Here are my one-liners, to print and put by your computer screen:
“ONLY DO WHAT ONLY YOU CAN DO”
“PRODUCE 20% MORE AND WORK 20% LESS”
Let others do the rest.
Saturday, 26 July 2014
There was a golden age in the years before the internet.
Clients of lawyers, accountants, architects, business consultants and financial advisers looked up to and respected their advisers. In fact, it was a two-way thing.
Advisers understood what it meant to be professional. They worked on behalf of, and in the best interests of their clients. Clients trusted you and you valued the trust that they imbued in you. But that trust got shattered.

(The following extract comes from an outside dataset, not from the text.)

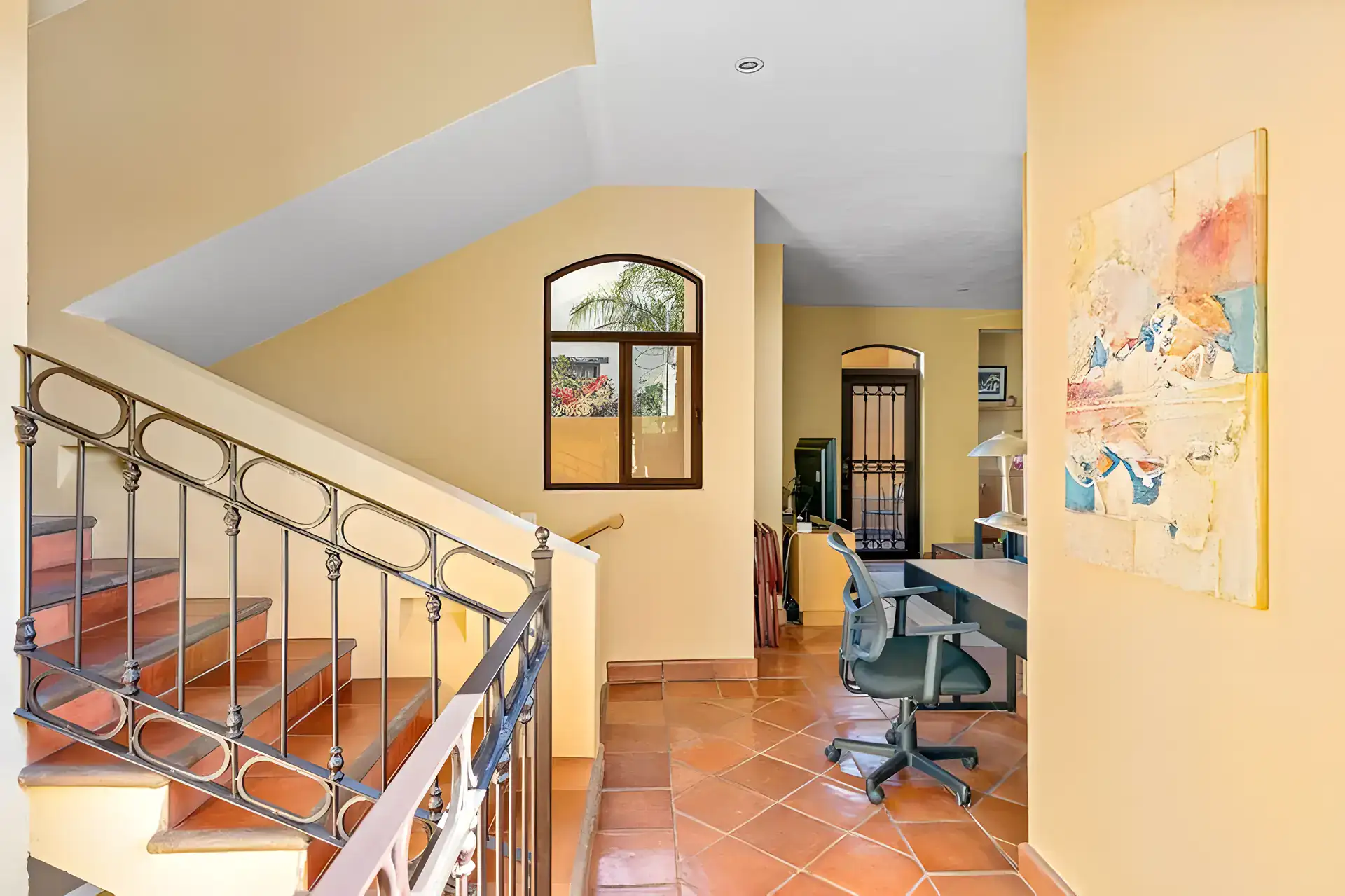 Casa Privada, upstairs landing with an iron stair railing, a home office desk and an arched window, San Miguel de Allende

Cunning advisers in almost every field would take advantage of their position. By definition, the professional expert had been trusted to do everything in their power to improve the lot of their clients. But now things had changed. Advisers started to work on their own account. They put their own needs (or should I say greed) ahead of the needs of their client. They started to abuse the trust.
As it happened, the next thing was that the internet came into the equation.
The actions of the few unscrupulous advisers had muddied the waters for all their kind. All got tarred with the same brush. But the internet seemed to redress the balance.
For a start, the speed and reach of the internet meant that a good or a bad reputation got spread ten times faster than in the old-days. More importantly, much of the so-called precious, hidden, ‘expert’ information was now available for all and sundry to see. It took a few clicks of Google and there it was for all to see. The big ‘secrets’ were no longer so secret.
The days when people in authority abused their power were over. Hurray! At least that’s how it seemed.
But be warned, because now there is a different kind of knowledge and it is in the hands of your clients. I am referring to the half-baked, semi-, demi-, wiki-cum-people’s knowledge that is very much a mixed blessing.
Doctors now see patients who have already self-diagnosed and are in a state of perpetual anxiety as they have looked up maybe 23 potentially life-threatening diseases they may have contracted which any expert could see was flu. Lawyers have clients quoting case law as if they had been in articles for the past five years. And on and on it goes.
Now, the downside of such a situation is clear. Everyone’s an expert and a little bit of information is a dangerous thing. The upside is that clients will be savvier, more aware, and will no longer take recommendations at face value.
I see this as an opportunity. The experts, those in authority, need to recognise that their reputations have been battered. Priests, politicians, bankers and pop stars are at the top of the list of abusers. Lawyers, accountants, architects, consultants, journalists of all kinds have all had their share of damage caused by the abusers of trust.
To stand out in this new world requires you to have a reputation beyond reproach. You need to recognise that people have always talked but now they talk to several thousand people with the single click of the keyboard.
There will always be a place for honest servants of their clients (after all you do serve your clients!) whose actions vindicate, validate and justify the trust that has been put in them. Every industry will have their abusers. You, however, need to consistently deliver with honesty and integrity.
Actions speak louder than words. Your reputation is created and spread by your clients. End of.
We are not talking about some kind of cover-up or euphemistically called reputation management campaign. We are talking about acting and behaving with respect for your clients and their needs. All the time. Always.
Remember, a pig with lipstick on is still a pig, no matter how you look at it.
PostScript – the same applies to food manufacturers and their inability to put the advertised ingredients into their products!